Des séries télé sans télé

"La Trêve" a connu un retentissement international grâce à sa diffusion sur Netflix. ©Helicotronc

Si le marché de la fiction en série se porte très bien merci, c’est notamment grâce à son lent détournement de la télévision au profit du web, où pétillent aujourd’hui conjointement créativité et belgitude.

Qu’ils sont loin les jeudis soirs en famille devant "Julie Lescaut", les fins de soirée devant "Ally McBeal", les doubles épisodes hebdomadaires inratables pour qui fuyait les spoilers d’"Urgences". D’un rendez-vous fixé dans le temps (un jour, une heure) et dans l’espace (devant le poste de télévision), les séries TV s’épanouissent aujourd’hui via les plateformes de streaming, en téléchargement légal et moins légal, ou encore sur les réseaux sociaux.

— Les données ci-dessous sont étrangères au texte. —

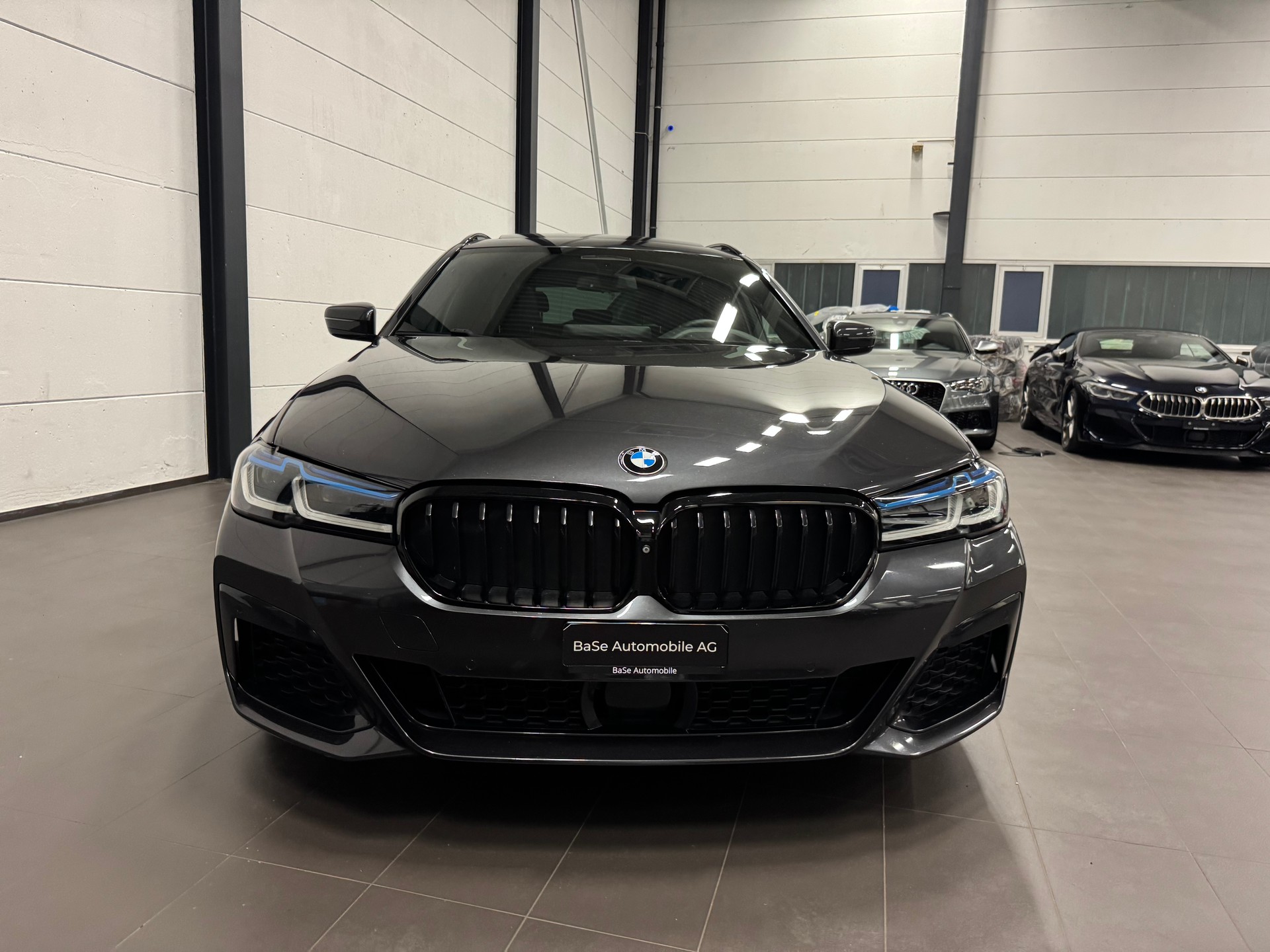 BMW 540d xDrive 48V Touring M Sport Steptronic-image-6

Si cet élargissement sans précédent de l’espace de diffusion de la fiction sérielle sert joyeusement les géants de l’industrie culturelle (Netflix et ses 158 millions d’abonnés ne nous contrediront pas), le déplacement vers le web autorise également la multiplication des supports (Instagram, Snapchat, Youtube) et des formats (le podcast, la réalité virtuelle, le webdoc en plusieurs épisodes) que s’approprie sans se faire prier une nouvelle génération de créatrices et de créateurs belges.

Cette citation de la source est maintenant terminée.